Het verzenden van het beeld mislukt halverwege. Bepaalde beelden kunnen niet verzonden worden.
Is het beeld te groot?
– Verklein de beeldafmetingen bij [Grootte] ([Grootte]) en verstuur vervolgens het beeld.
– Verstuur nadat u de video gesplitst heeft met [Splits video] ([Splits video]).
De bestandsindeling van de video die verstuurd kan worden verschilt afhankelijk van de bestemming. (Beelden die verzonden kunnen worden)
Ik ben het wachtwoord voor de Wi-Fi vergeten.
In het [Set-up] ([Instelling])-menu, veroorzaakt [Resetten] een reset van de netwerkinstellingen. ([Resetten])
Alle informatie die ingesteld is in [Wi-Fi setup] en [Bluetooth] zal echter ook gereset worden.
TV, PC
De TV-beelden worden met grijze banden weergegeven.
Afhankelijk van de [Aspectratio], zouden er grijze banden afgebeeld kunnen worden boven en onderaan of links en rechts van de beelden.
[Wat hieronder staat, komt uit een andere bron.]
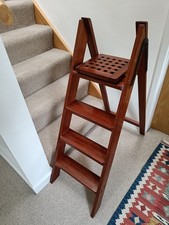 Mahogany wood steps for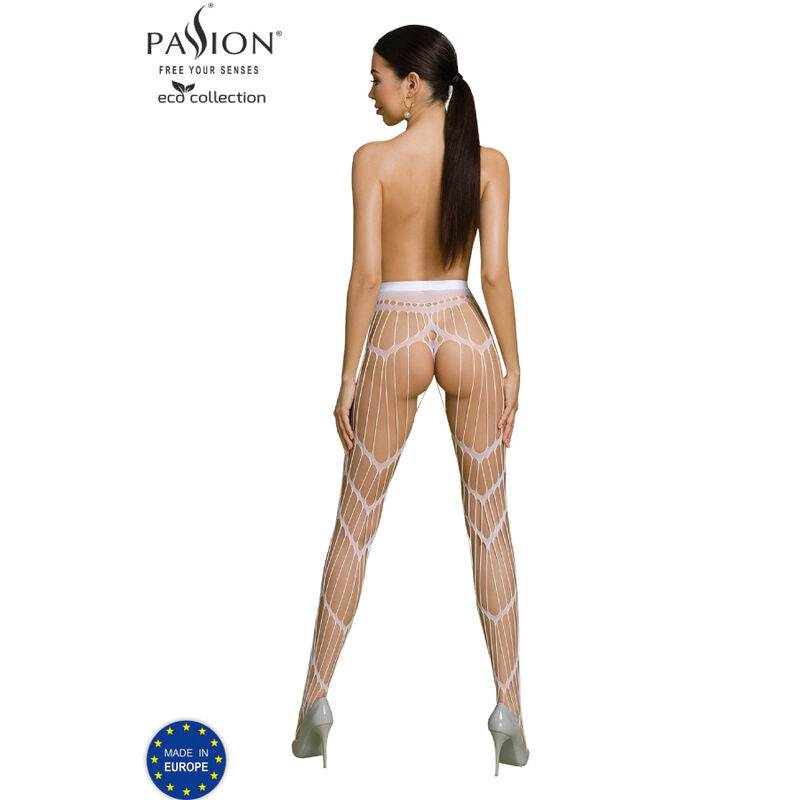 Passion - Eco-Kollektion Bodystocking Eco S006 Weiß
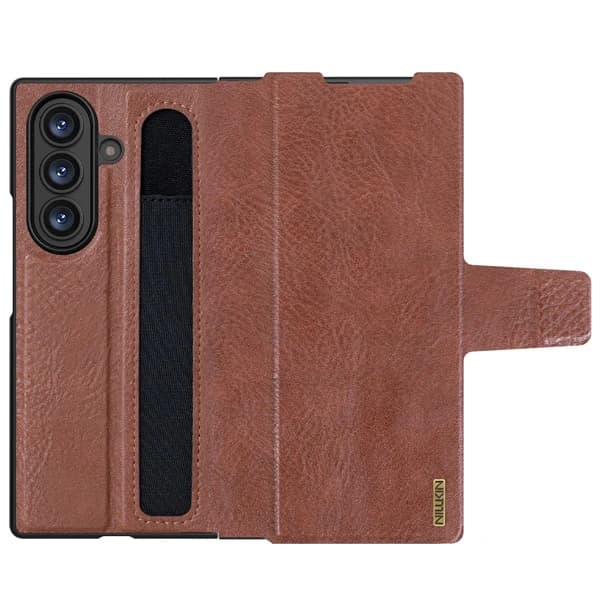 فلیپ کاور چرمی Samsung Galaxy Z Fold 7 مارک نیلکین مدل Aoge Leather Case — تصویر ۴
U kunt de kleur van de band wijzigen in [Achtergrondkleur (afspelen)] in [HDMI-verbinding] van het [Set-up] ([AAN/UIT])-menu. ([Achtergrondkleur (afspelen)])
De beelden kunnen zelfs niet geïmporteerd worden wanneer er verbinding met een PC is.
Stel de [USB mode] van de camera in op [PC(Storage)]. ([USB mode])
Zet het toestel uit en aan.
Overige
Wanneer de camera wordt geschud, klinkt een ratelend geluid uit de camera.
Het geluid wordt veroorzaakt door de in-body stabilisatie. Dit is geen defect.
Er is ratelend geluid van de lens als de camera wordt in- of uitgeschakeld of wanneer de camera wordt gedraaid. Er komt een geluid uit de lens tijdens het opnemen.
Dit is het geluid van de intern bewegende lens of de werking van het diafragma. Het is geen defect.
Er werd per ongeluk een onleesbare taal gekozen.
Selecteer opnieuw de taal uit het menu met gebruik van de volgende procedure.
[] [] [] Selecteer gewenste taal ([Taal])
Het toestel wordt warm.
Het cameraoppervlak en de achterkant van het scherm kunnen tijdens gebruik warm worden, maar dit duidt niet op een probleem met de prestaties of de kwaliteit.